LenderHawk analysis. Not affiliated with or endorsed by The Permanent Podcast.
Brent and Emily compare fixed-price deals with formula-based pricing tied to trailing earnings, focusing on where each structure creates certainty or risk. The discussion centers on how timing, earnings adjustments, and working-capital mechanics can move a deal materially between LOI and close. They prefer clarity up front and argue that parties should leave some room for ordinary variance instead of fighting over every dollar at closing.
Buy-side operators, searchers, and sellers who need to understand how formula pricing and fixed-price structures behave between LOI and close.
A fixed enterprise value gives both sides more certainty, especially when diligence is expected to be short.

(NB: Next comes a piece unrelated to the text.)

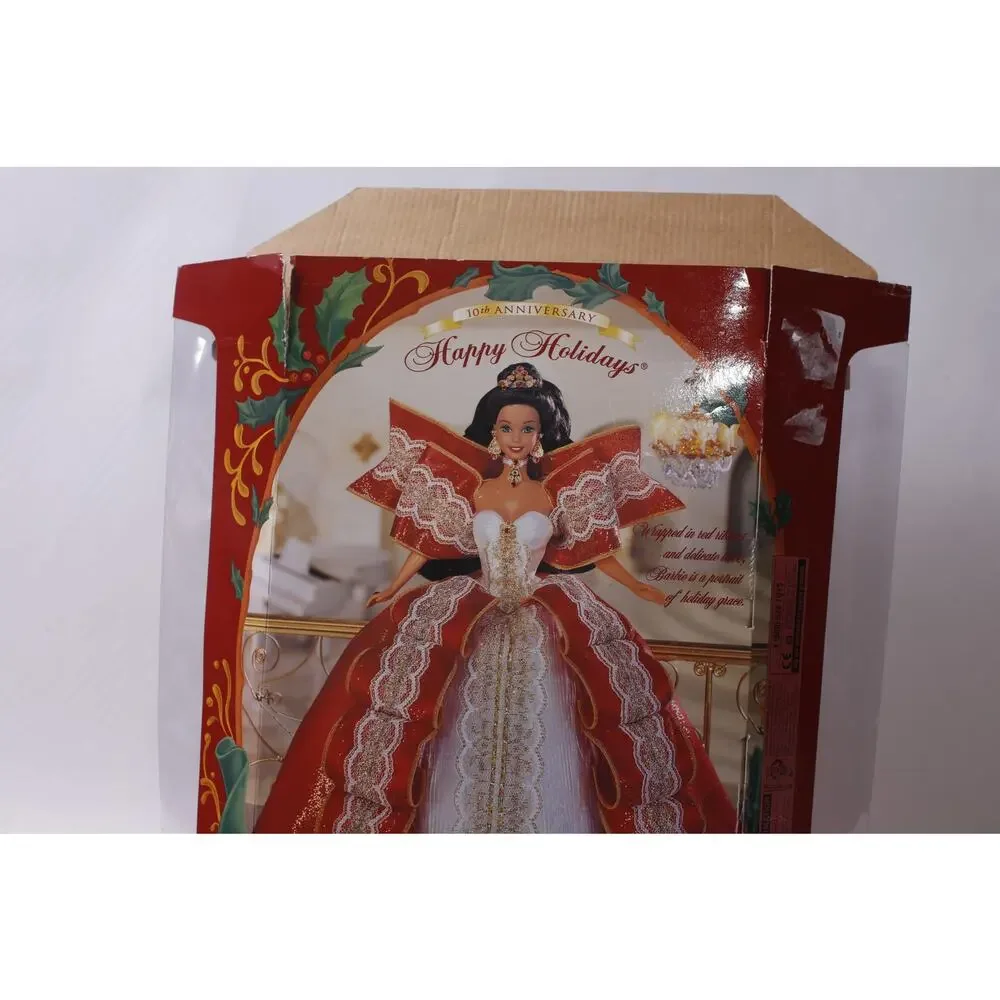 1997 Mattel Barbie Happy Holidays Doll Christmas Collectible Damaged Box ~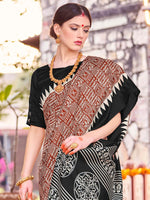 Thumbnail for NOZ2TOZ Women's Bhagalpuri Silk Brown Printed Designer Saree With Blouse Piece - Distacart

Formula-based pricing pushes more risk into the period between LOI and close because the final number depends on later earnings calculations.
If buyer and seller do not define adjustments the same way, the final price can diverge by millions even when both sides think they agreed on the same valuation basis.

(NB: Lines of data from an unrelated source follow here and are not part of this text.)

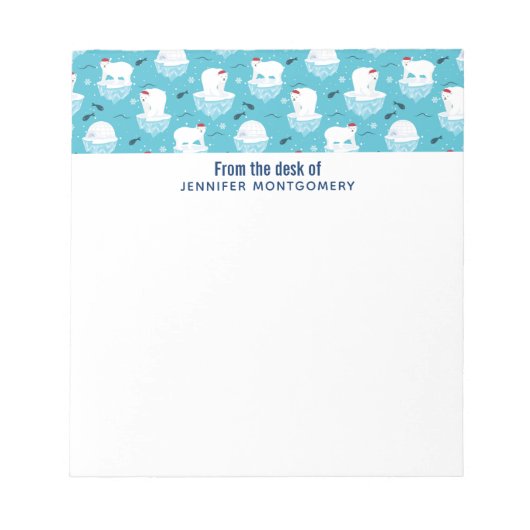 Kute Polar-beren in Santa Hats-kerstpatroon Notitieblok (Voorkant)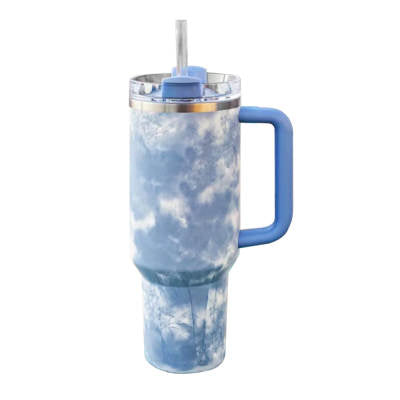 40oz TIE DYE H2.0 Quencher Flowstate Tumbler, White Lid With Straw, Customizable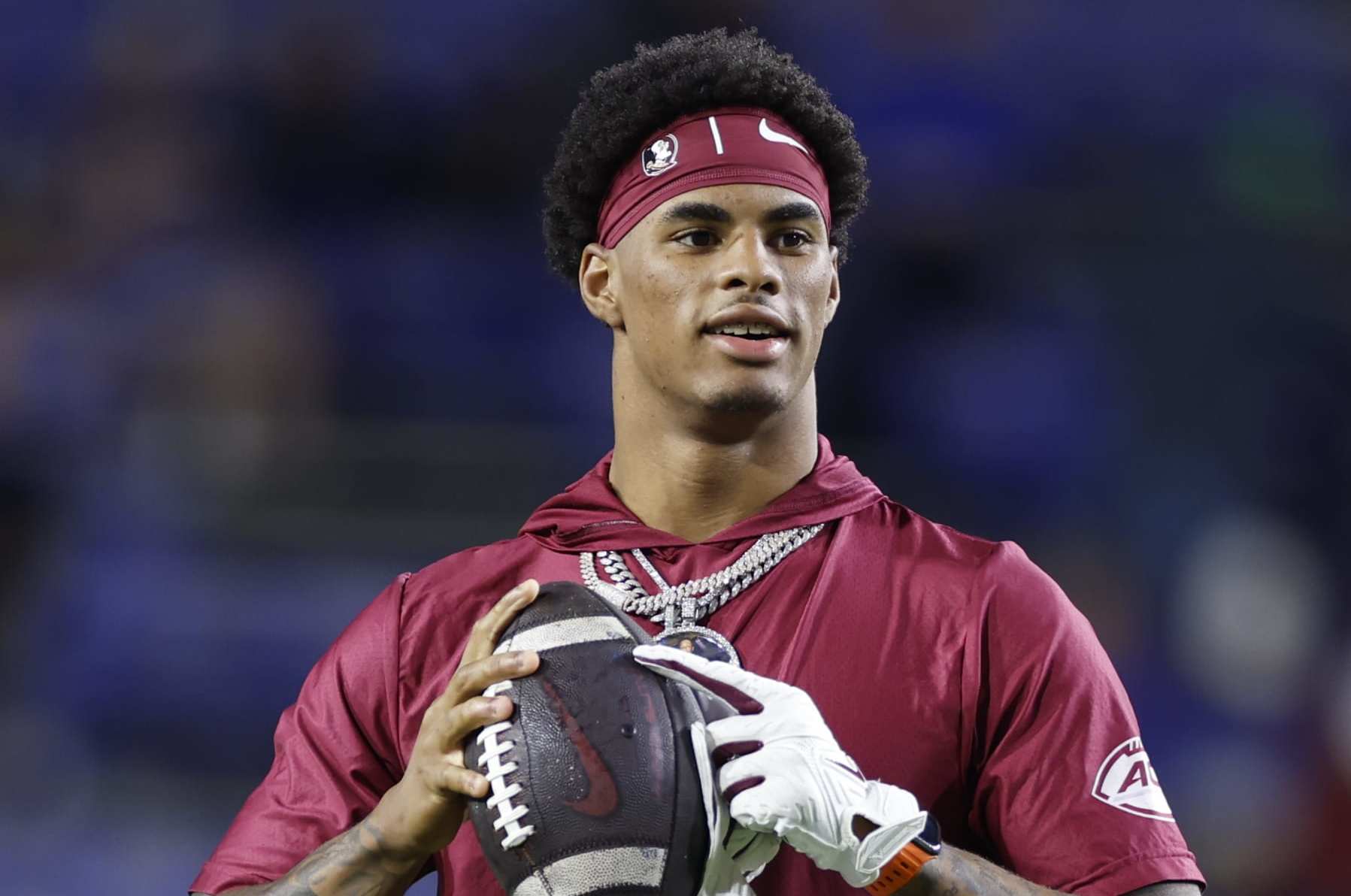 GAINESVILLE, FL - NOVEMBER 25: Florida State Seminoles wide receiver Keon Coleman (4) before the game between the Florida Gators and the Florida State Seminoles on November 25, 2023 at Ben Hill Griffin Stadium at Florida Field in Gainesville, Fl. (Photo by David Rosenblum/Icon Sportswire via Getty Images)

Working-capital targets and earnings formulas can be set on different time windows, so the closing price and closing balance sheet requirement may move separately.

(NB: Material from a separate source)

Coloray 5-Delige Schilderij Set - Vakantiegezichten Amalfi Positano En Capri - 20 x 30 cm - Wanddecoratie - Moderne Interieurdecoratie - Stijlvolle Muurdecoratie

The longer a deal takes to close, the more room there is for either earnings slippage or seller renegotiation.
A practical bargaining posture is to preserve the agreed range unless the business changes dramatically, rather than trying to re-open every dollar at the finish line.
Some buyers value a company at 4x trailing-12-month EBIT.
Used as an example of a formula-based valuation method.
Another buyer may propose a fixed $8 million transaction value that is expected to hold through diligence.
Used as an example of a numerical valuation method.
A formula-based valuation may be calculated only three weeks before closing.
Illustrating timing risk when the final price is determined late in the process.
Investors using formulaic pricing may look at 12 to 36 months of performance when setting value.
Brent describes how some buyers smooth earnings over longer periods.
Enterprise value can be based on a 36-month EBIT blend while working-capital requirements are still based on trailing 12 months.
Example of using different measurement windows for different deal terms.
Prefer a fixed number when diligence can be completed quickly.
Why: A fixed price reduces uncertainty and makes it easier for both sides to plan toward closing.
Define earnings adjustments and owner-addback conventions before the final calculation date.
Why: If the parties are not using the same accounting language, the closing price can change dramatically at the end.
Build a grace range instead of insisting on every dollar at close.
Why: Normal business fluctuation is likely between LOI and closing, so a tolerance band reduces avoidable renegotiation.
Focus on the future once the agreed range is set.
Why: Re-litigating small changes at the finish line can derail momentum and damage trust.
The hosts describe a case where a seller plugged in a formula assuming certain personal expenses would be added back, only to learn near closing that the buyer would not accept most of those adjustments. The resulting valuation gap was large enough to change the economics by millions.
Lesson: Late agreement on accounting adjustments can destroy the apparent value of a formula-based offer.